Agent Task Completion Judge

AgentTaskCompletionJudge reviews an agent run (often a natural-language summary of what happened) and decides whether the high-level objective was met. It is particularly helpful for multi-step agents where success cannot be inferred from the final response alone.

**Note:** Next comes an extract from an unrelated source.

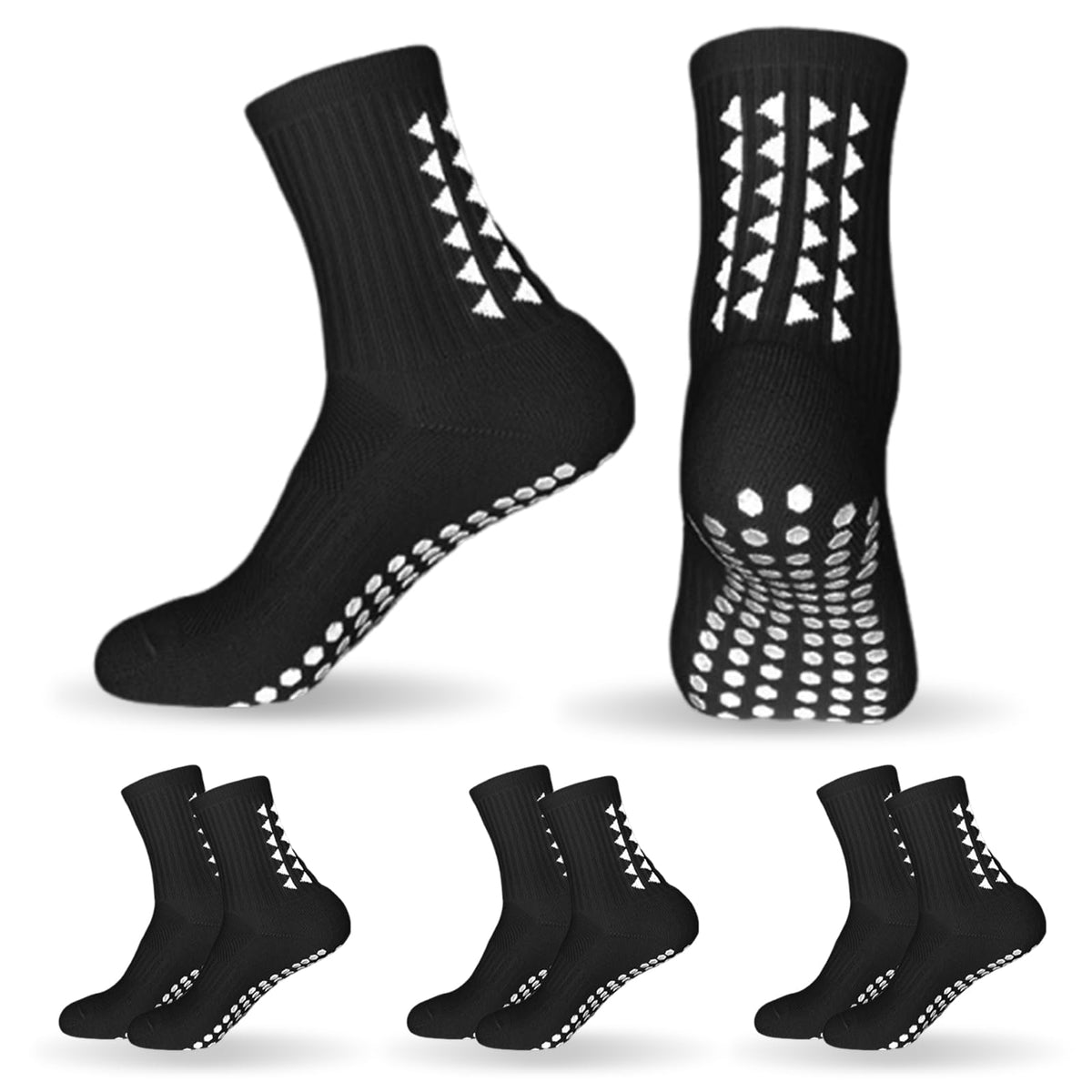 3 Pairs Breathable Kids Grip Socks, Sweat-Absorbent Boys Socks, Grip Socks Football Kids for Running Hockey Football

Did the agent finish the job?

1 from opik.evaluation.metrics import AgentTaskCompletionJudge
2 
3 metric = AgentTaskCompletionJudge()
4 
5 payload = """TASK: Extract company name, address, and tax ID from the invoice.
6 OUTCOME: Agent retrieved company name and address but failed to extract the tax ID.
7 """
8 
9 score = metric.score(output=payload)
10 
11 print(score.value)  # 0.0–1.0 after normalisation
12 print(score.reason)

Inputs

Argument	Type	Required	Description
`output`	`str`	Yes	Payload describing the task, evidence, and outcome for the judge.

Configuration

Parameter	Default	Notes
`model`	`gpt-5-nano`	Switch to heavier evaluators for complex workflows.
`temperature`	`0.0`	Increase slightly if you want more creative feedback.
`track`	`True`	Toggle evaluation logging.
`project_name`	`None`	Override project for logging.

The evaluator returns an integer between 0 and 10; Opik divides it by 10 so score.value falls in the 0.0–1.0 range, while score.reason summarises which sub-tasks were completed or missed.